March 21, 2007
USCG makes major cocaine seizure
Despite operating on only one of two shafts, the 40-year old Coast guard Cutter Sherman played a key role in the record maritime seizure of approximately 42,845 pounds of cocaine aboard the Panamanian flagged motor vessel Gatun on Sunday off the coast of Panama.
A Coast Guard C-130 maritime patrol aircraft spotted the Gatun approximately 20 miles southwest of Isla de Coiba, Panama on Saturday. The Coast Guard cutters Sherman and Hamilton were nearby. The Coast Guard obtained flag-state consent to board the vessel through a maritime agreement between the U.S. and Panama.
A Coast Guard boarding team conducted a search and discovered the cocaine hidden in two containers aboard the ship. The 14 Panamanian and Mexican crew members of the Gatun were arrested and are being transferred to the U.S. and Panama for prosecution.
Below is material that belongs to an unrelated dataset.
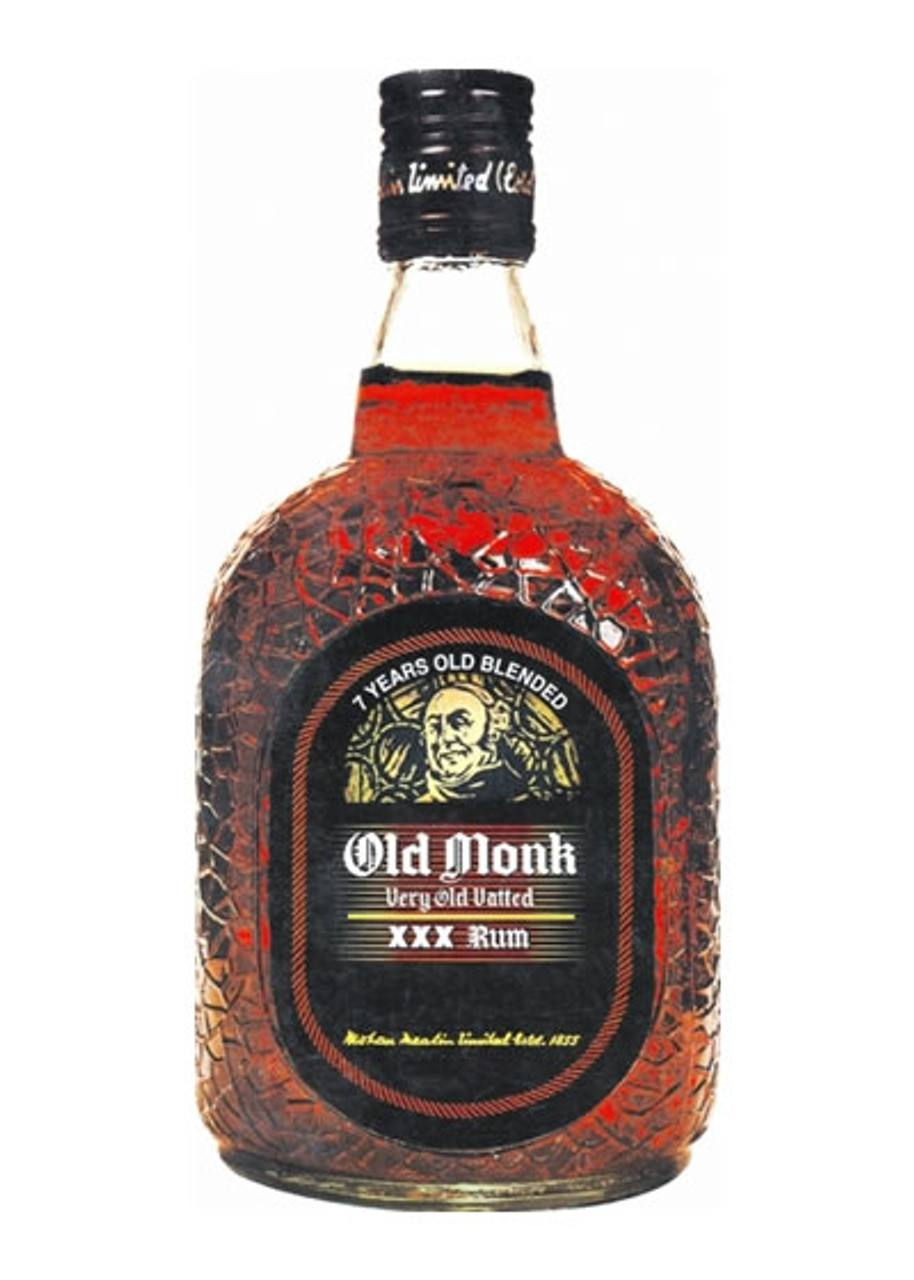 Old Monk Xxx 7 Year 0.5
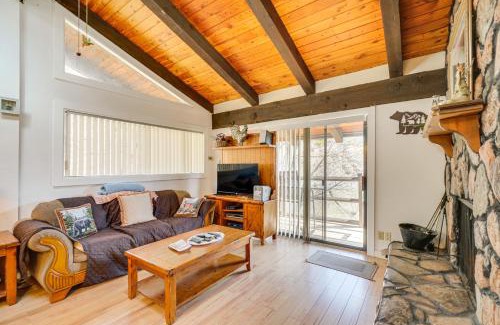 Sevierville Apartamento | 4 Mi to Forbidden Caverns Mtn-View Hideaway!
"This operation is a prime example of interagency teamwork among the DEA, the Coast Guard, and other Homeland Security and Department of Justice components," said Secretary of Homeland Security Michael Chertoff. "I also want to commend the Government of Panama for their continued assistance and cooperation. Because of the combined efforts of these federal and international partners, millions of dollars in illegal drugs did not make their way into our homeland and criminal groups were not able reap the huge profits."
"This record-breaking seizure was the result of good actionable intelligence and the closest collaboration amongst our interagency partners through Operation Panama Express," said Adm. Thad Allen, commandant of the Coast Guard. "Beyond that, our hard working crews overcame significant challenges in maintaining a 40-year-old deepwater cutter to prosecute this mission far from U.S. shores, ultimately preventing nearly 20 tons of cocaine from reaching streets all across America in a single stroke."
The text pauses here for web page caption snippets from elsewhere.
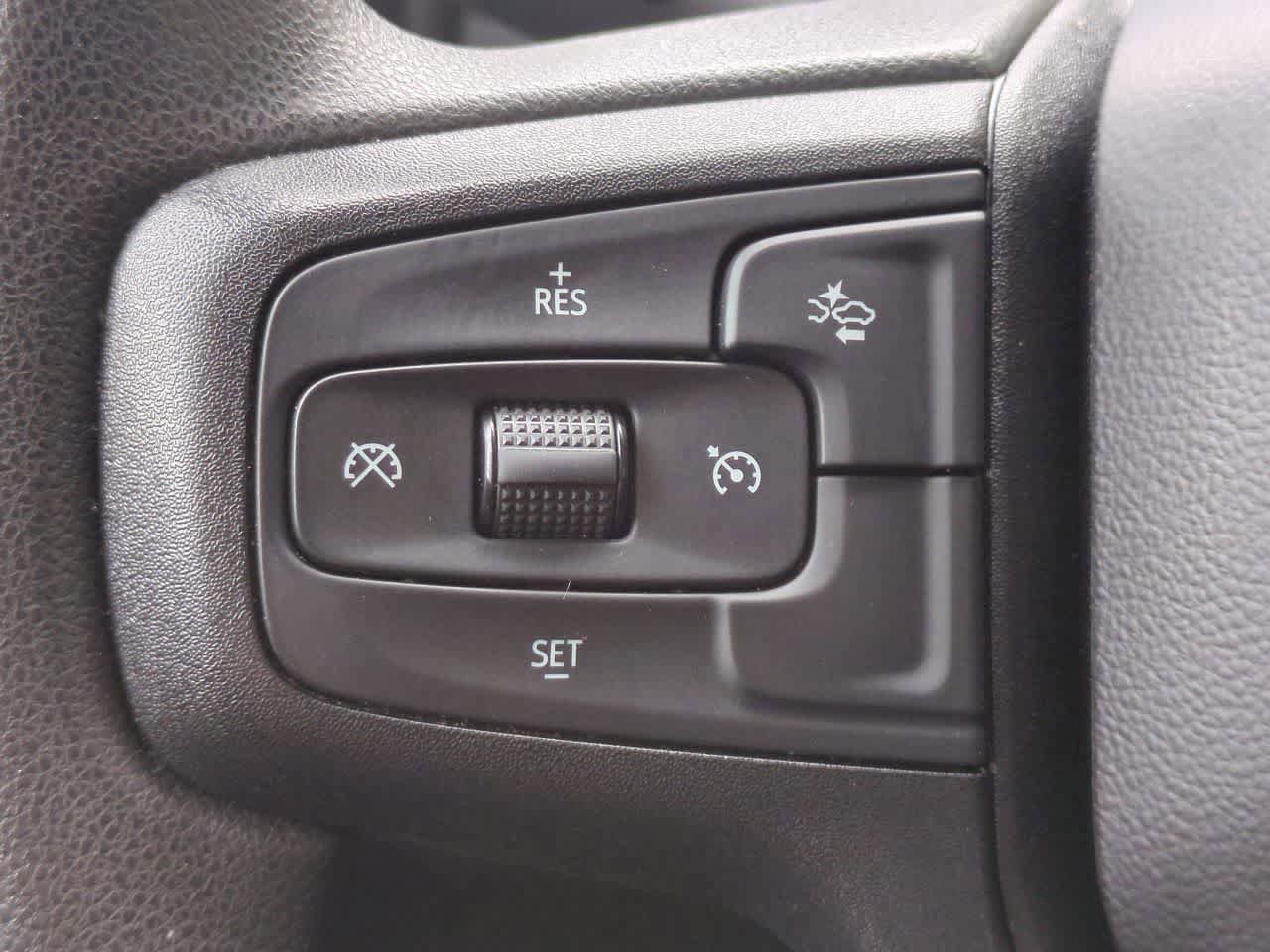 Used 2025 Chevrolet Silverado 1500 Custom Trail Boss image 24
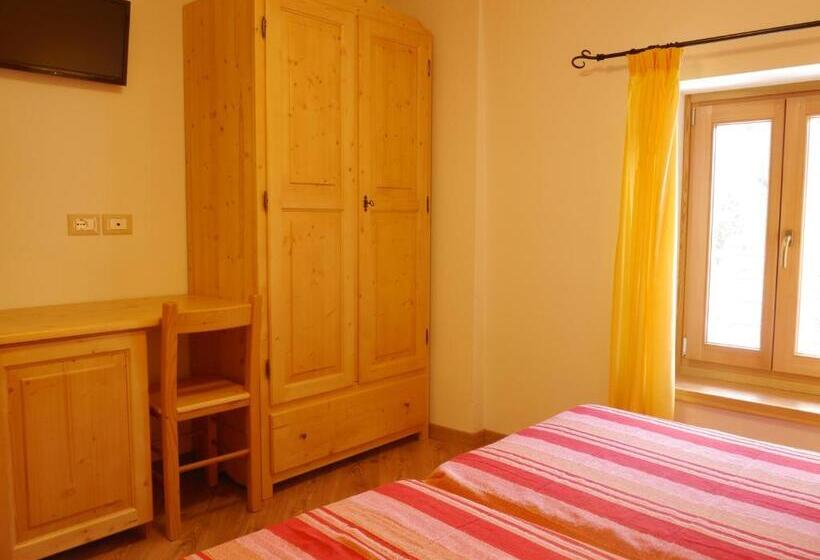 סוויטה, Garnì Sella Cipriani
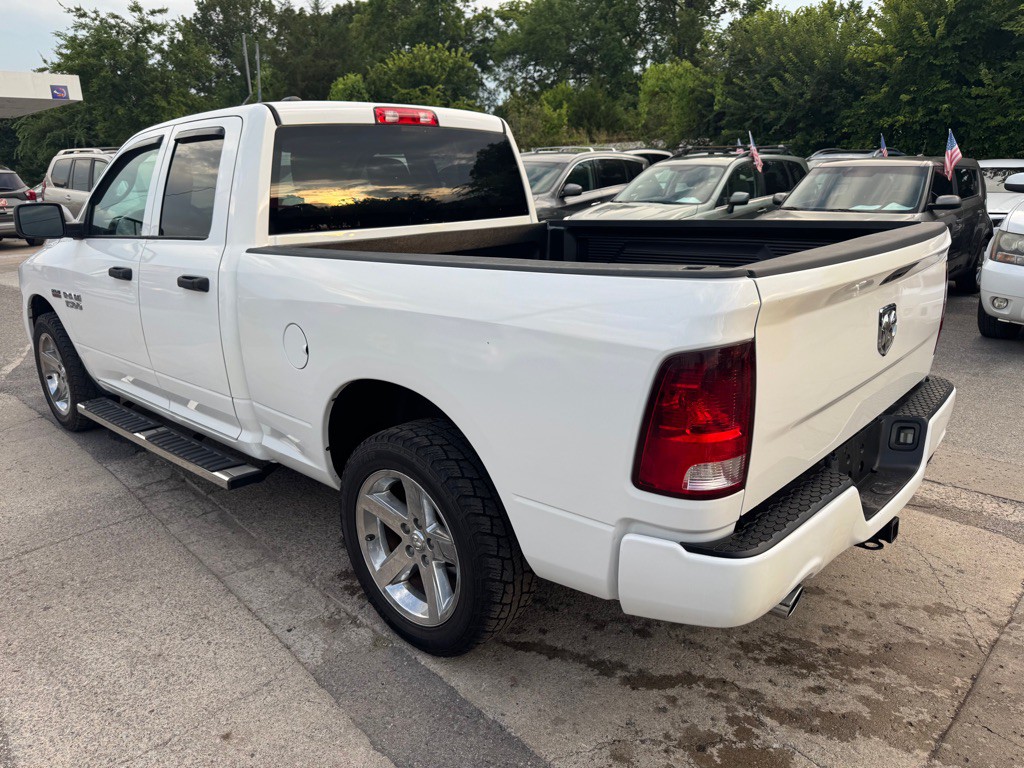 2017 RAM 1500 Image 8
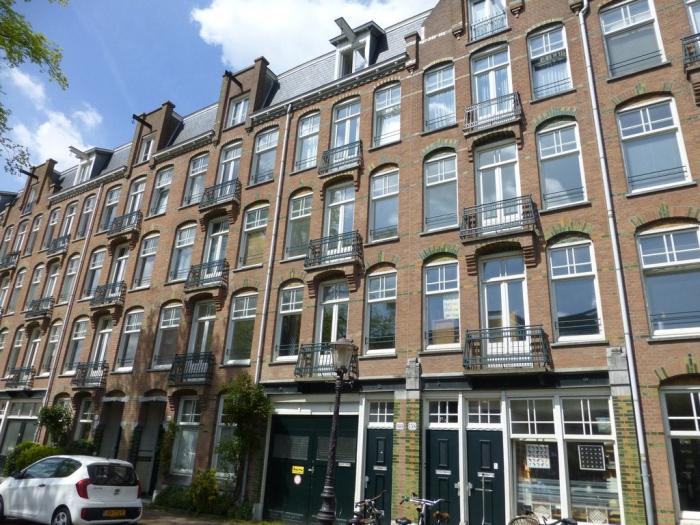 Appartement - De Wittenkade - Amsterdam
"This weekend Mexican drug traffickers were awaiting the arrival of 19 metric tons of cocaine that is now in the hands of U.S. law enforcement instead of the hands of drug traffickers and abusers," said DEA Administrator Karen P. Tandy. "This record-breaking seizure denied the Mexican drug lords $300 million in drug revenue. This lost drug revenue, combined with last week's unrelated record-breaking $205 million cash seizure by the Government of Mexico working in partnership with DEA, dealt Mexican traffickers a one-two punch: they're down more than half a billion dollars in blood money in just 48 hours."
Previously, the largest cocaine seizures by the Coast Guard were: 30,109 pounds from the stateless-vessel Lina Maria, on Sept. 17, 2004; 26,397 pounds from the Cambodian-flagged vessel Svesda Maru on May 1, 2001; and 26,369 pounds from the Belize-flagged vessel San Jose on Sept. 23, 2004.